▸ **Captioned web images**:
┄┄┄┄┄┄┄┄┄┄

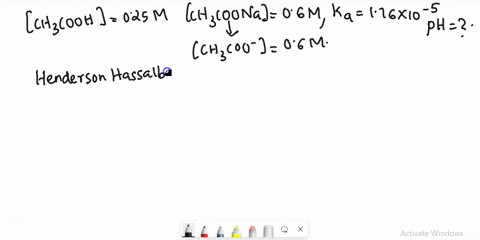 calculate-the-ph-of-acetic-acid-given-conc-of-acetic-acid-025-m-conc-of-sodium-acetate-06m-and-ka176-10-5-39635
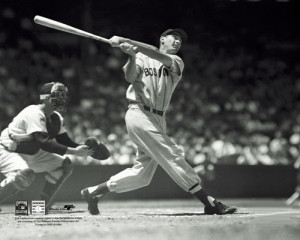 Ted Williams THE PERFECT SWING (c.1954) Poster - 20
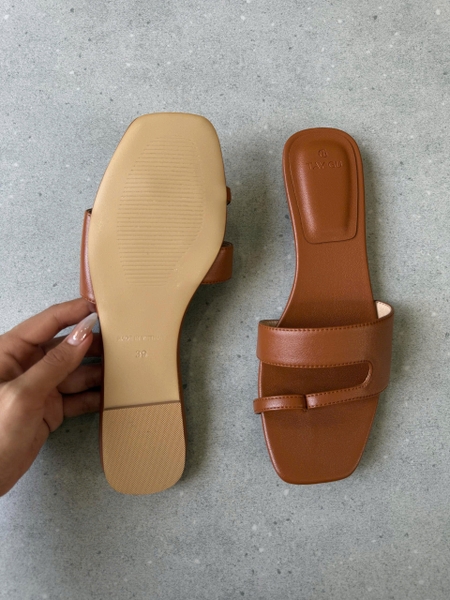 Dép Bệt Thiết Kế Xỏ Ngón Mũi Vuông ENNI Taygu | D7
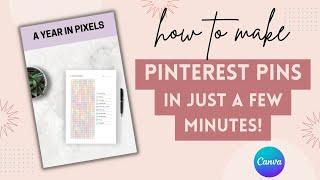 How To Make Pinterest Pins in Canva (2023)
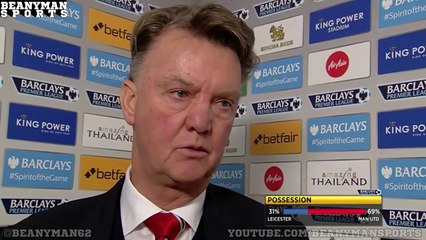 Leicester 1 1 Manchester United Louis van Gaal Post Match Interview Disappointed With Draw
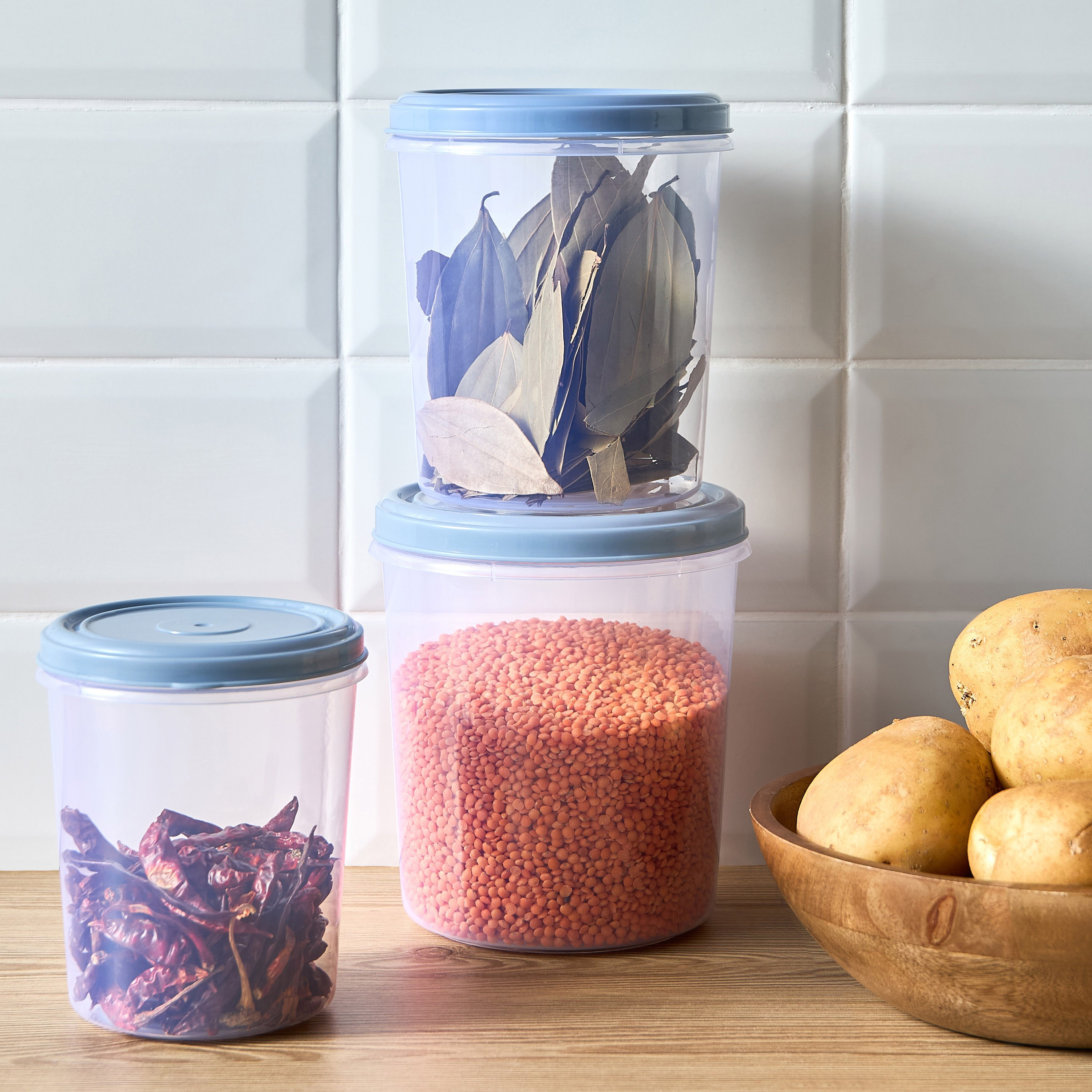Ruby 3-Piece Food Container Set-household-kitchen-foodstorage-pantryandstorage-image-4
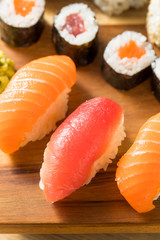 Homemade Huge Sushi Platter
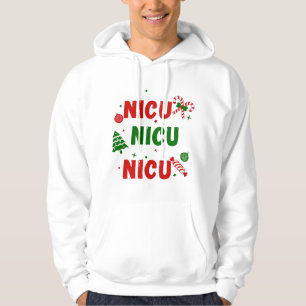 NICU Feestelijk Kerstontwerp Hoodie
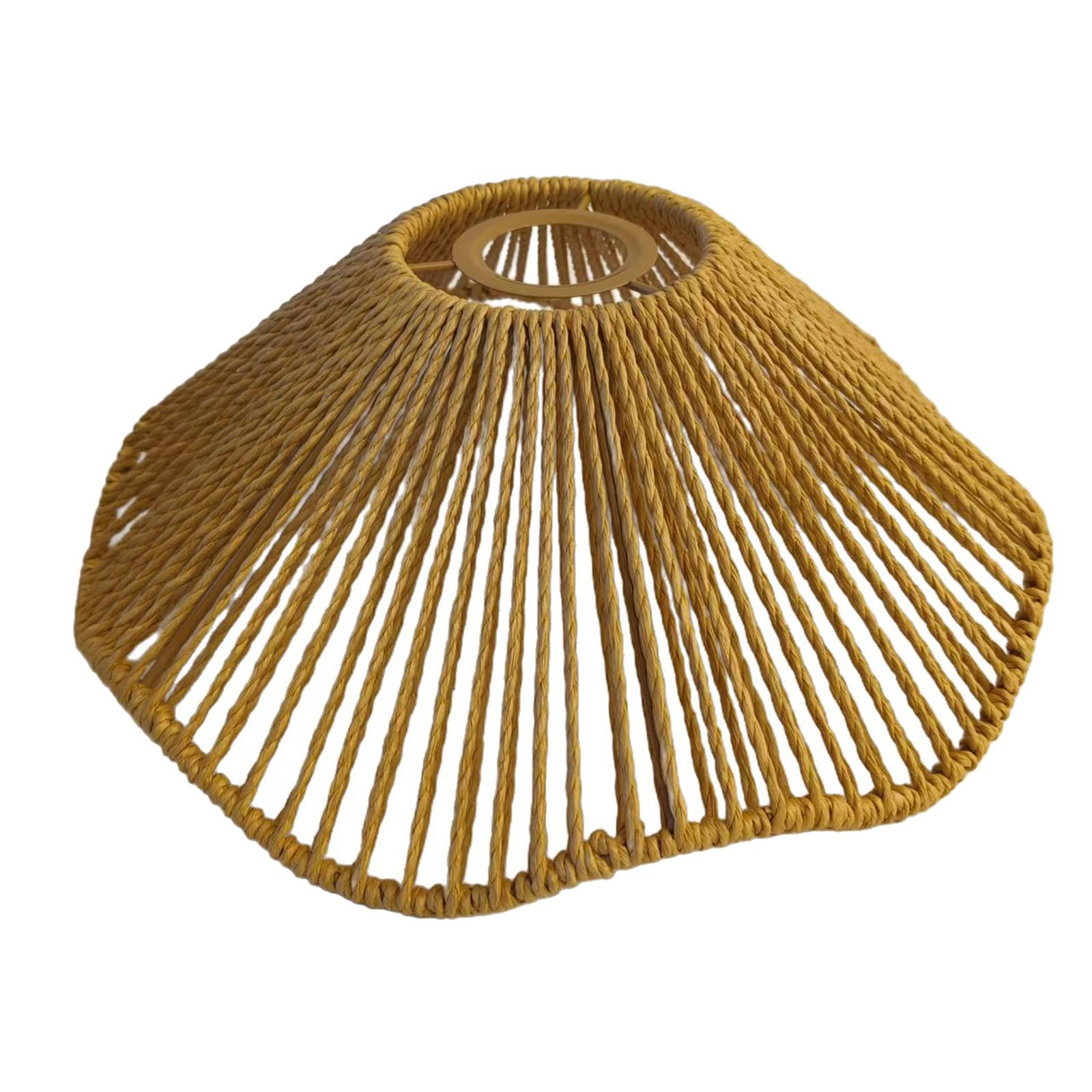 Lampshade Rope Woven Lamp Shade Cover Iron Material Unique Design for Bedroom Restaurant Hallway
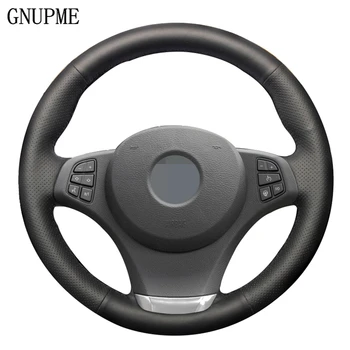 DIY Hand-stitched Black Genuine Leather Car Steering Wheel Cover for BMW X3 E83 2003-2010 E53 X5 2003-2006
DIY Hand-stitched Black Genuine Leather Car Steering Wheel Cover for BMW X3 E83 2003-2010 E53 X5 2003-2006
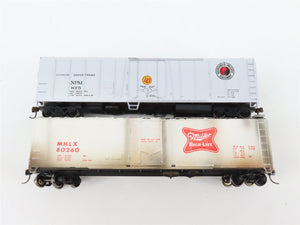 LOT of 6 HO Scale T&P/CGW/SLSF/UP/NPM/MHLX 50' Boxcars UPGRADED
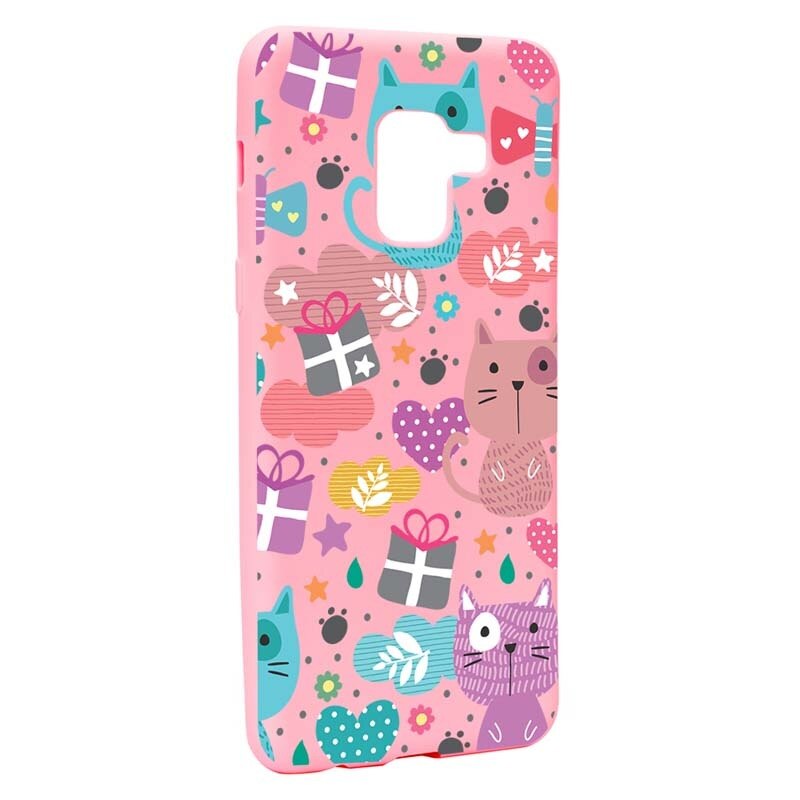 Husa Samsung Galaxy A5 2018, Silicon, Lovely Cat P41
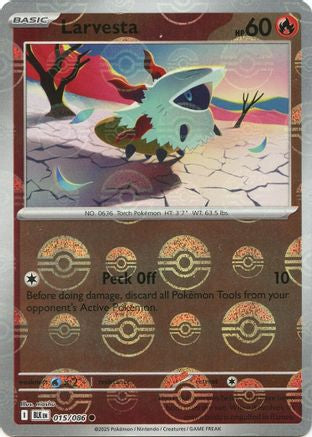 Larvesta (Poke Ball Pattern)  - (015/086) Holofoil [SV Black Bolt] - Trinity Hobby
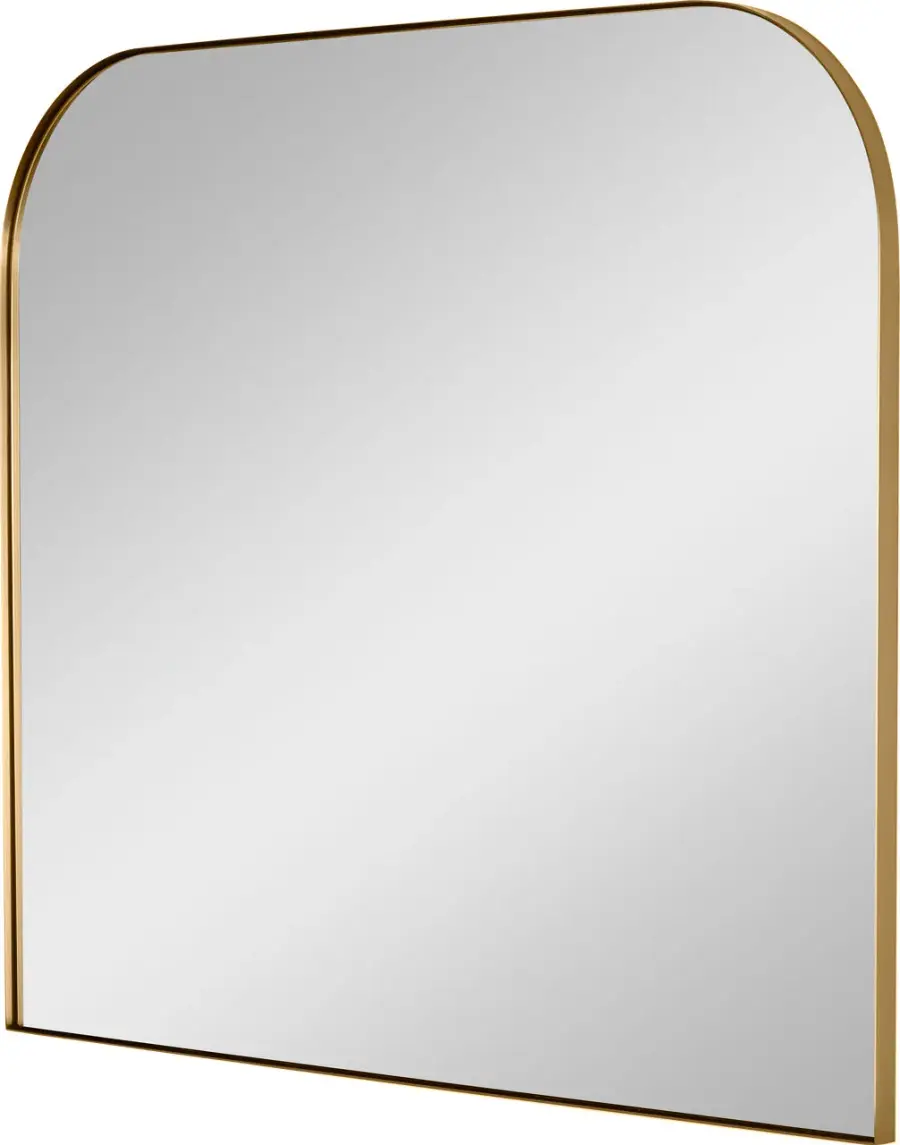 Planer Wide Mirror in Burnished Brass - Image 2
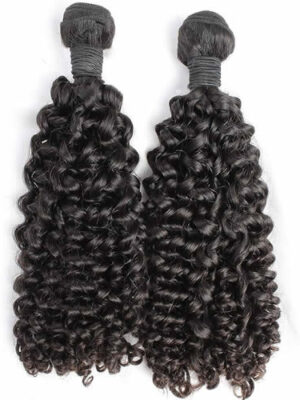 Loose Curl Virgin Hair 8 Inches, Color: 1B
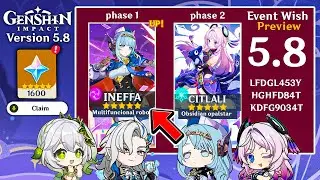 BIG NEWS! 5.8 BANNERS HAVE JUST BEEN UPDATED! SHOULD YOU PULL STILL? - Genshin Impact
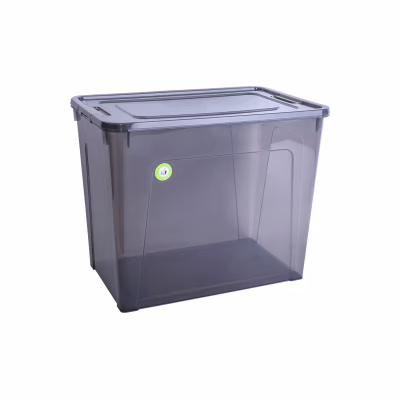 Контейнер для хранения Алеана Smart Box Коричневый 40 л (алн 123086/коричневий прозорий)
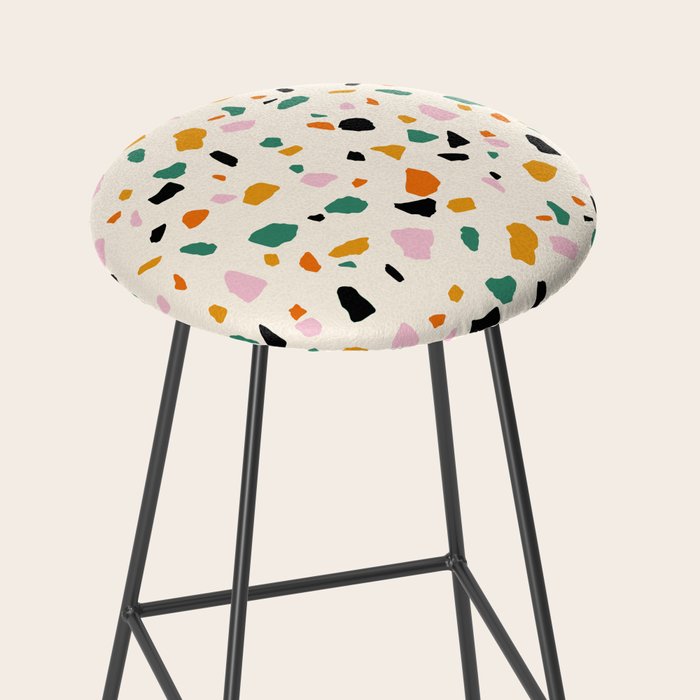 Harvest Terrazzo (Cream) Stool Gallery Image 2
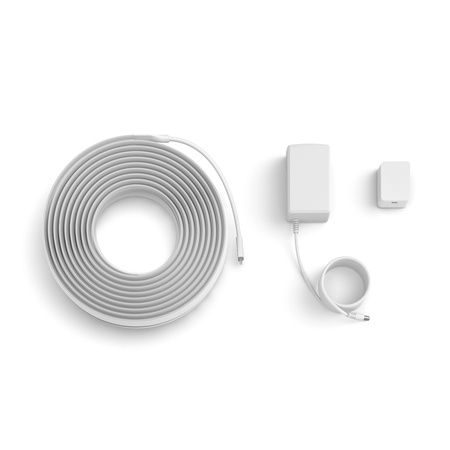 LED-Streifen 10m 60W 6000lm IP20 Weiß und Farbe Ambiance RGB + TW Weiß Smart SMART Zigbee Bluetooth Flux Strip Ultra-Bright Philips HUE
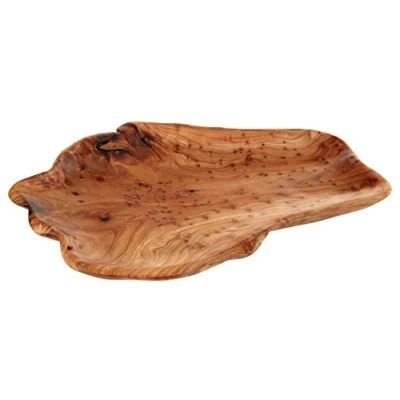 Image of Premier Housewares Kora Serving Dish, Natural Cedar (41 x 28 cm)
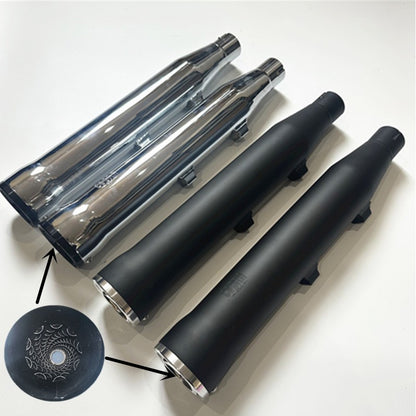 For Harley XL883 1200 X48 custom low bass cobra exhaust back section, cobra exhaust with detachable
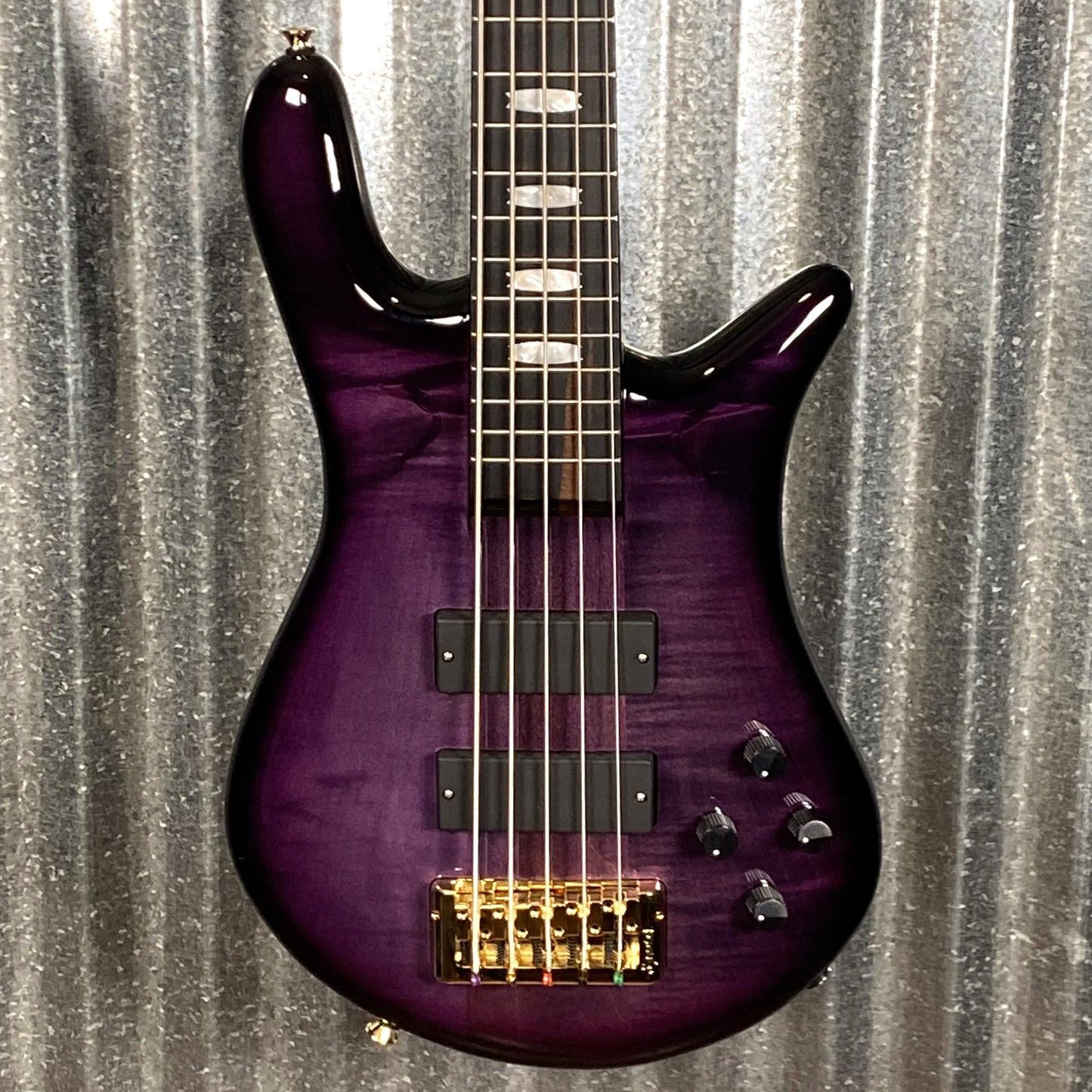 Spector Euro5 LT 5 String Bass Violet Fade Gloss EURO5LTVFG & Bag #1190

┄┄┄┄┄┄┄┄┄┄

Take the records above from their first line through the line with "How To Make Pinterest Pins in Canva (2023)" and set those lines down word for word, minus the pictures.

▸ **Task response**:
 calculate-the-ph-of-acetic-acid-given-conc-of-acetic-acid-025-m-conc-of-sodium-acetate-06m-and-ka176-10-5-39635
 Ted Williams THE PERFECT SWING (c.1954) Poster - 20
 Dép Bệt Thiết Kế Xỏ Ngón Mũi Vuông ENNI Taygu | D7
 How To Make Pinterest Pins in Canva (2023)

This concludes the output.